Our WWW 2026 paper about Knowledge Base Question Answering, entitled “Incentivizing Agentic Reasoning Capability with Outcome Supervision for KBQA”, has been accepted. The paper presents AgenticKBQA, a new framework that strengthens the autonomous reasoning capability of Large Language Models for KBQA through outcome-only supervision.
Introduction
Knowledge Base Question Answering (KBQA) aims to answer natural-language questions over structured Knowledge Bases. Recent studies have improved KBQA by introducing an agentic reasoning paradigm, where Large Language Models iteratively decompose questions, generate logical queries, and interact with the Knowledge Base to derive answers. Although effective, existing methods usually rely on fine-tuning with reasoning trajectories constructed through process supervision. This training strategy provides limited incentives for autonomous exploration, which restricts the development of stronger agentic reasoning ability.
To address this issue, we propose AgenticKBQA, a new approach that trains Large Language Models for KBQA under outcome-only supervision. The core idea is to encourage the model to explore reasoning paths autonomously and learn from final answer correctness, instead of depending heavily on pre-defined intermediate trajectories. To build foundational agentic capability, the model is first fine-tuned on a small set of high-quality trajectories selected through outcome-based rejection sampling. Then, to reduce the difficulty caused by sparse rewards in outcome-only supervision, we further introduce a multi-stage curriculum reinforcement learning strategy with reward schedules that gradually move from easy to hard.
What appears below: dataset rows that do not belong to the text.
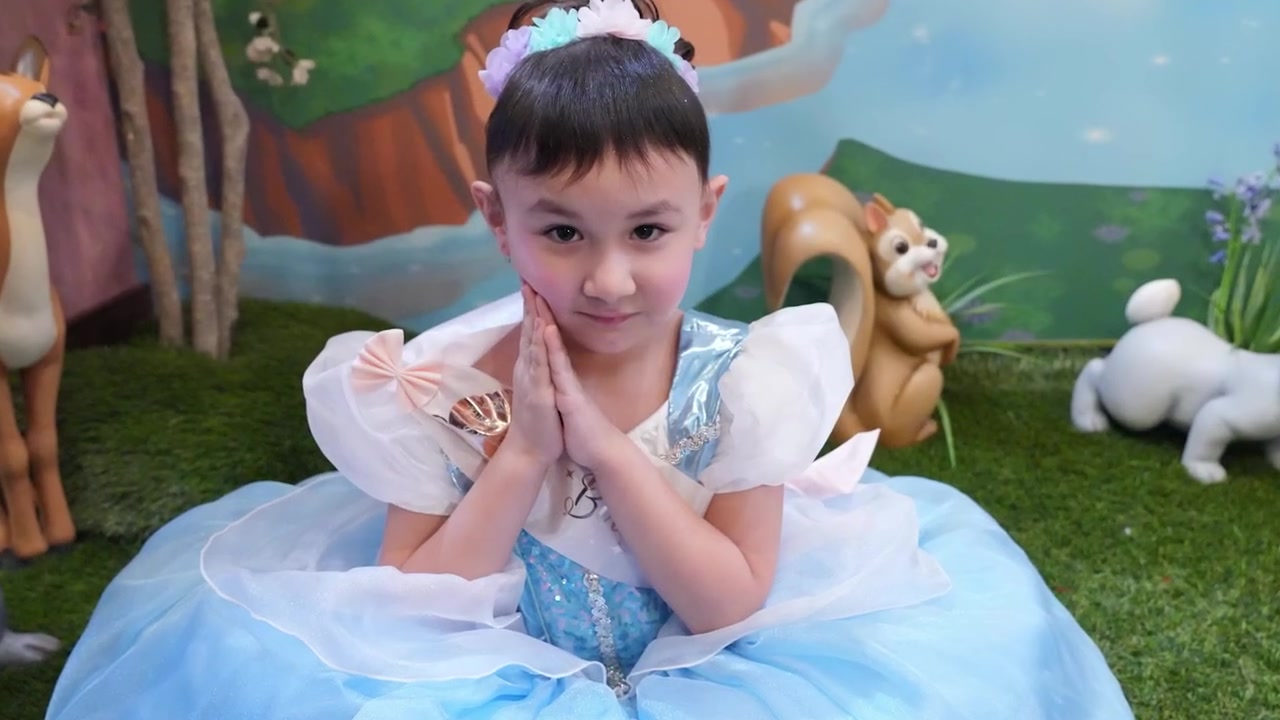 Mia Was Turned Away at Disneyland Because She Had No Hair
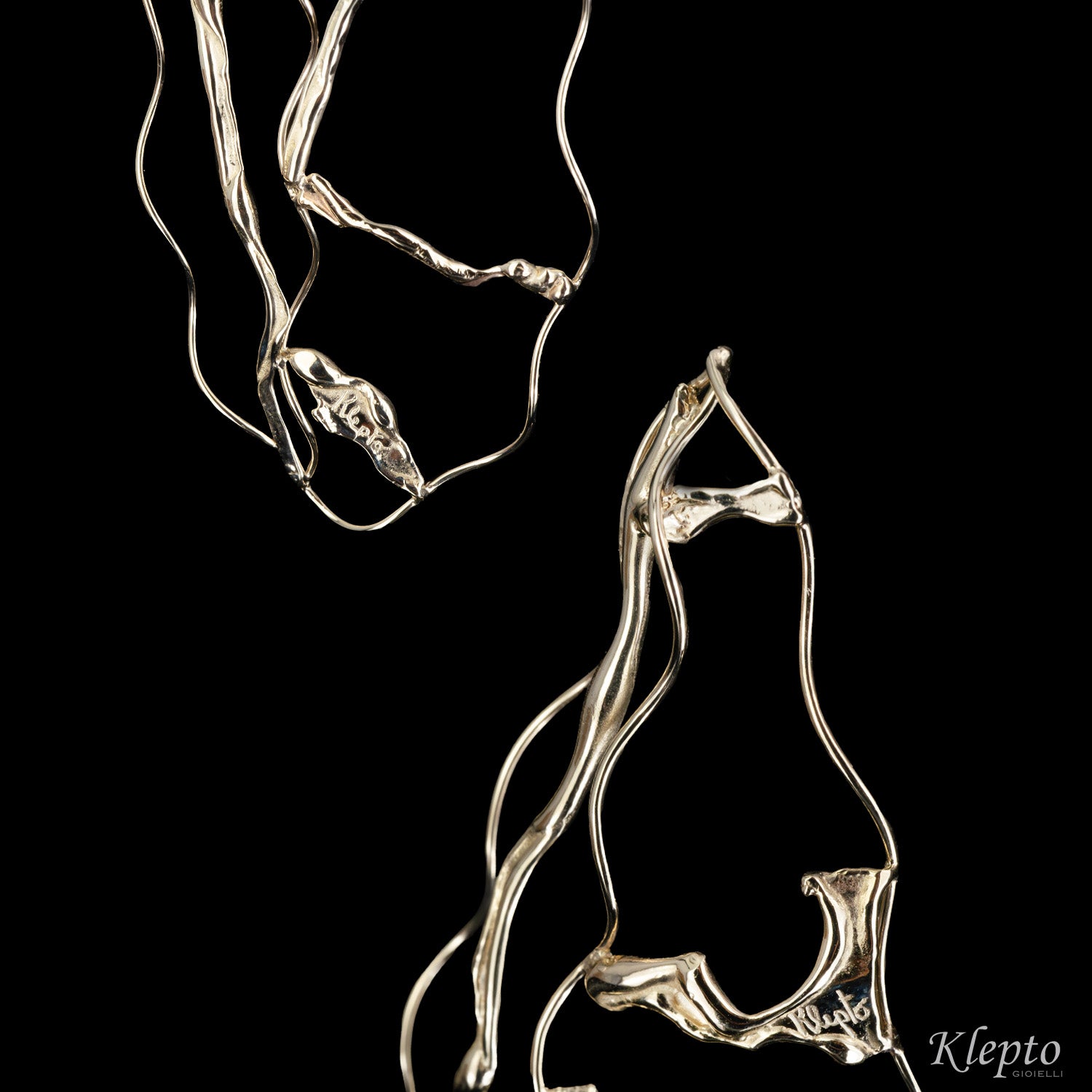 Orecchini in oro bianco naturale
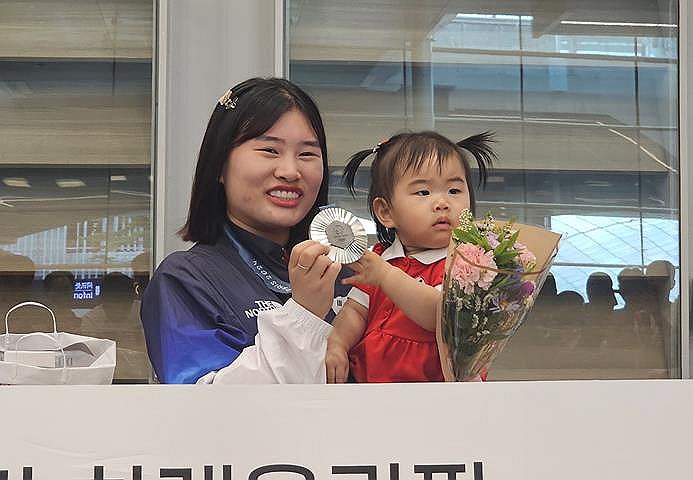 '한국 첫 메달' 걸고 돌아온 사격 금지현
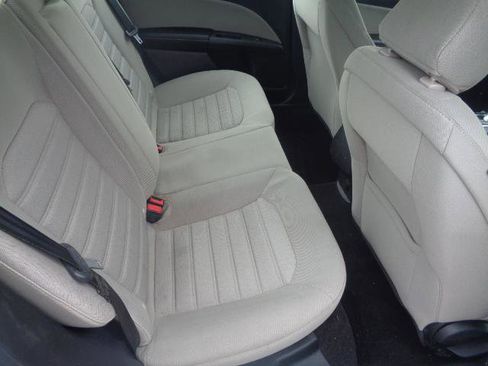 Used 2020 Ford Fusion S image 21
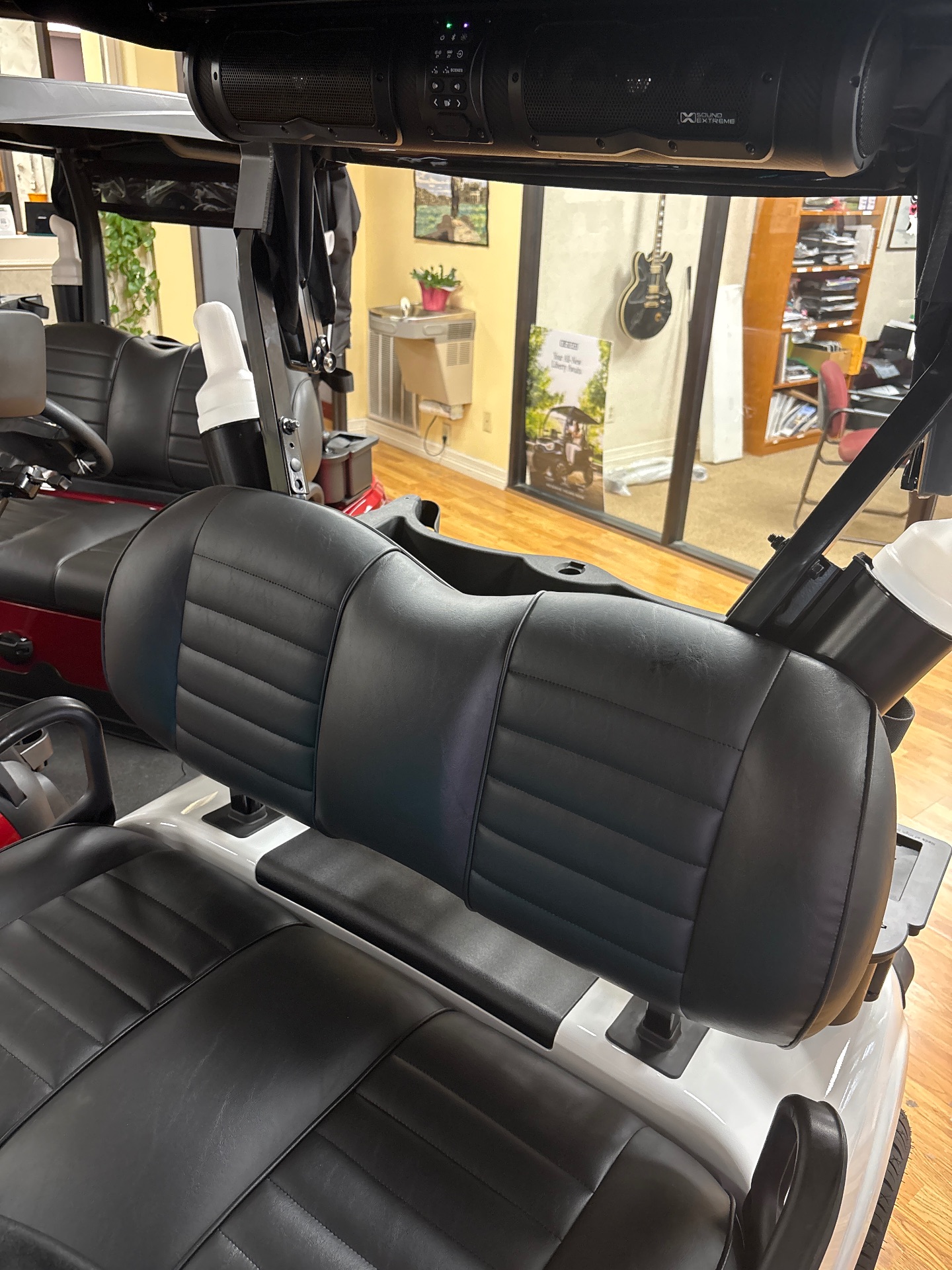 2026 EZGO RXV photo 3
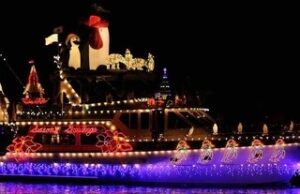PARTICIPARÁN 45 EMBARCACIONES EN EL DESFILE DE LUCES DEL PUERTO DE ENSENADA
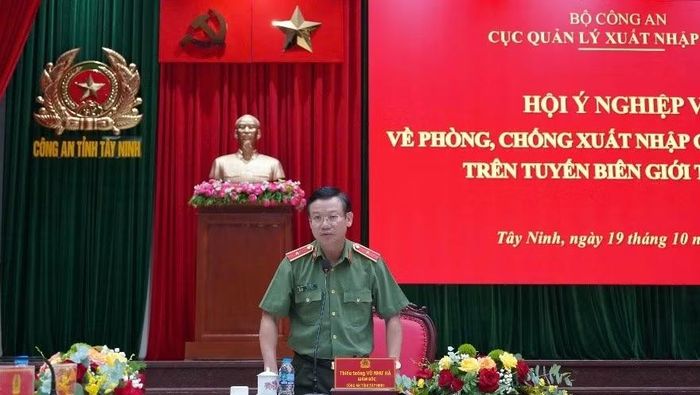  Thiếu tướng Vũ Như Hà, Ủy viên Ban Thường vụ Tỉnh ủy, Bí thư Đảng ủy, Giám đốc Công an tỉnh Tây Ninh, phát biểu tại hội nghị. 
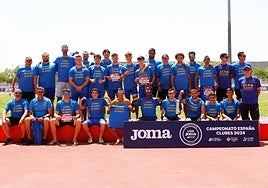 Atletas, entrenadores y directivos celebran el ascenso en Castellón.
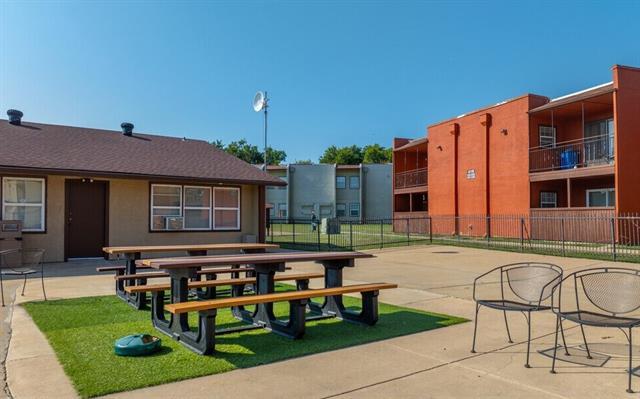 Building Photo - 401 N Merrill Ave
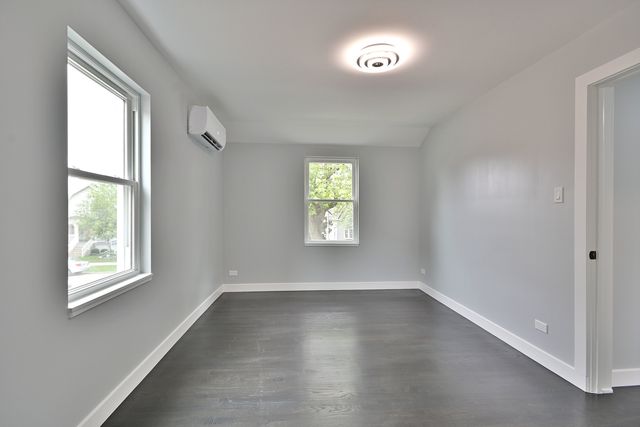 7215 W Farwell Avenue, Chicago, IL 60631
Extensive experiments on three mainstream KBQA datasets show that AgenticKBQA consistently outperforms previous methods and exhibits strong autonomous reasoning behaviors. In particular, on the zero-shot subset of GrailQA, AgenticKBQA achieves up to an 11.1% relative improvement while using only one-twelfth of the training data, demonstrating the effectiveness of incentivizing agentic reasoning capability with outcome supervision.